# Paint Thickness Gauge Cheap



## andysubaru30 (May 11, 2008)

Hey guys

I would like to buy one but on the cheap. I don't detail the car all that much but would really like one so i can do other peoples car and take the doubt out.

So need a cheap and good one

Thanks


----------



## -Kev- (Oct 30, 2007)

PD8 - around £180 iirc...


----------



## Ronnie (Nov 15, 2006)

I would also go for the paint detective.
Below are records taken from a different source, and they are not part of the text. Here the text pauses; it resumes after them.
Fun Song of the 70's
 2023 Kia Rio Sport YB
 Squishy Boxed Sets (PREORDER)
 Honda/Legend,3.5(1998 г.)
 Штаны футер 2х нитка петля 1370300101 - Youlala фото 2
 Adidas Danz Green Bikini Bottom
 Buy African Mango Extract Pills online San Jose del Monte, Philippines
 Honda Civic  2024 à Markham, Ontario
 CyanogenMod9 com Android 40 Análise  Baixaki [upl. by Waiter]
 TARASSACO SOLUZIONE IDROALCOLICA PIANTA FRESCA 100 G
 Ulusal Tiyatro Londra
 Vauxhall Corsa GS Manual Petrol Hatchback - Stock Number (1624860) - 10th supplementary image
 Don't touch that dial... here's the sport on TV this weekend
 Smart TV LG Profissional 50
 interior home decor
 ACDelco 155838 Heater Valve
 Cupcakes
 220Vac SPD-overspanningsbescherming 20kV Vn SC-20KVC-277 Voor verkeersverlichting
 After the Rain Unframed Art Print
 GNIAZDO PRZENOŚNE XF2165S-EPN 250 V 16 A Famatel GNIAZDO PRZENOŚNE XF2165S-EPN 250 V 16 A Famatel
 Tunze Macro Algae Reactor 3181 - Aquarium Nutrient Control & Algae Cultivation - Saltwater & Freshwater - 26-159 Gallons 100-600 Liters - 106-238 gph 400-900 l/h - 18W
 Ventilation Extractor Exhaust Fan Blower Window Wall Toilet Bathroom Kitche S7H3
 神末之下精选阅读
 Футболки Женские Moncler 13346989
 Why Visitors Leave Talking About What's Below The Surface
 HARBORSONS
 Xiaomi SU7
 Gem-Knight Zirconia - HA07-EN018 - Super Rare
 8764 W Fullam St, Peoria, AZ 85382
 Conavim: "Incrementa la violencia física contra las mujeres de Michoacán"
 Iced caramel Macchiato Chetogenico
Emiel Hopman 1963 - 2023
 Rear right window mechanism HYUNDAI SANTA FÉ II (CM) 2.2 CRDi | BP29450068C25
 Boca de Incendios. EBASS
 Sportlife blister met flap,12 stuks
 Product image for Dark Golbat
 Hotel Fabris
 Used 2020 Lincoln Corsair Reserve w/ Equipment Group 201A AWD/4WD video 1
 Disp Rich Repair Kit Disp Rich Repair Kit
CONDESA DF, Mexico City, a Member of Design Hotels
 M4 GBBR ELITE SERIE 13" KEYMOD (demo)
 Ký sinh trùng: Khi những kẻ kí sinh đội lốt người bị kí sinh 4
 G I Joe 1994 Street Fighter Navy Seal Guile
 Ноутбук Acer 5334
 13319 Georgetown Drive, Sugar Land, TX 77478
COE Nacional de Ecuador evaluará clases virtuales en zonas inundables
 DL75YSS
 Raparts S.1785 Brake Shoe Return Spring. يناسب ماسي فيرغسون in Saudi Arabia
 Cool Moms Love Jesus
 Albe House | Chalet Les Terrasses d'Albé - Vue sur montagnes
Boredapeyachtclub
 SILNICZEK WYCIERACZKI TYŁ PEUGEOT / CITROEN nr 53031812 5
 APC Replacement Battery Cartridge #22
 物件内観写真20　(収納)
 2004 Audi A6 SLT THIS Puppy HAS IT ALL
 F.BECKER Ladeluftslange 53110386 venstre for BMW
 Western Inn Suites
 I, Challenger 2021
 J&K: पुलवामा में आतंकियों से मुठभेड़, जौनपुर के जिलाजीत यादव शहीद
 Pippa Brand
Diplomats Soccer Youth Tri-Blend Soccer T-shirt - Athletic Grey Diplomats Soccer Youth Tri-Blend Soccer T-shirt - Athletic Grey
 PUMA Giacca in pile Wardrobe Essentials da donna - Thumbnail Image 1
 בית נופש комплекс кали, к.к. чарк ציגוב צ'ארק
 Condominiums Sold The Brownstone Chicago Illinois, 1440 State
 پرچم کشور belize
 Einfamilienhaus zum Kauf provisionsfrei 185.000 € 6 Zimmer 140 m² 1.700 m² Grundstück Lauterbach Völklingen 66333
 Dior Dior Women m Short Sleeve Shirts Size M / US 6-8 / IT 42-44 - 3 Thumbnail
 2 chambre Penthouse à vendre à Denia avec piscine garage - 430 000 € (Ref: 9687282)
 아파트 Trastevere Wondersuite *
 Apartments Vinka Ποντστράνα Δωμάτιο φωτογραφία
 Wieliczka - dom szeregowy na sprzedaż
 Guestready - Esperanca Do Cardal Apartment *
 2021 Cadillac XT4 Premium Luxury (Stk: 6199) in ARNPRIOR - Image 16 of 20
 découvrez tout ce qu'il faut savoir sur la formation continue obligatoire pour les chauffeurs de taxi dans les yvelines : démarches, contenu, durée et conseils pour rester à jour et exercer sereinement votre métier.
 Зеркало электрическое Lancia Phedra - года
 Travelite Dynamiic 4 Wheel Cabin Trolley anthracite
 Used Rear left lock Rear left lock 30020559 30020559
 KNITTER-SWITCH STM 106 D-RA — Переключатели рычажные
I know it sounds like a lot of money. but put it like this the first low spot it finds and it has paid for itself as to repaint a panel is about £150!


----------



## Mattey h (Apr 19, 2011)

There is an uber cheap on here, but I don't think it will be much use, too inacurate.

http://www.machinemart.co.uk/shop/p...ness-tester?da=1&TC=SRC-paint thickness gauge


----------



## badman1972 (Jun 24, 2010)

I would also say the PD8, great piece of kit, easy to use and well priced considering the cost of a re-paint :thumb:


----------



## andysubaru30 (May 11, 2008)

Looking to spend now more than £100 but don't know if that is possible


----------



## burger (Feb 10, 2009)

Where are you based im sure someone could give your car a once over


----------



## P.A.D (Jun 26, 2008)

burger said:


> Where are you based im sure someone could give your car a once over


Op wants to do other peoples cars dude.


----------



## burger (Feb 10, 2009)

didnt read that ... if thats the case then its worth every penny/


----------



## P.A.D (Jun 26, 2008)

andysubaru30 said:


> Hey guys
> 
> I would like to buy one but on the cheap. I don't detail the car all that much but would really like one so i can do other peoples car and take the doubt out.
> 
> ...


Gotta spend to earn though mate.

1st time ya burn through you'll say "wish i'de have bought that PD8"


----------



## andysubaru30 (May 11, 2008)

up in inverness. yeah i know, what about ebay


----------



## P.A.D (Jun 26, 2008)

andysubaru30 said:


> up in inverness. yeah i know, what about ebay


Keep an eye on the sales threads on here. Or check back a few pages to see if there's one that hasn't sold yet.


----------



## Bod42 (Jun 4, 2009)

I have been looking at getting a Paint Gauge for some time now and Paint Detective sell the TG 902 which is half the price of the PD8.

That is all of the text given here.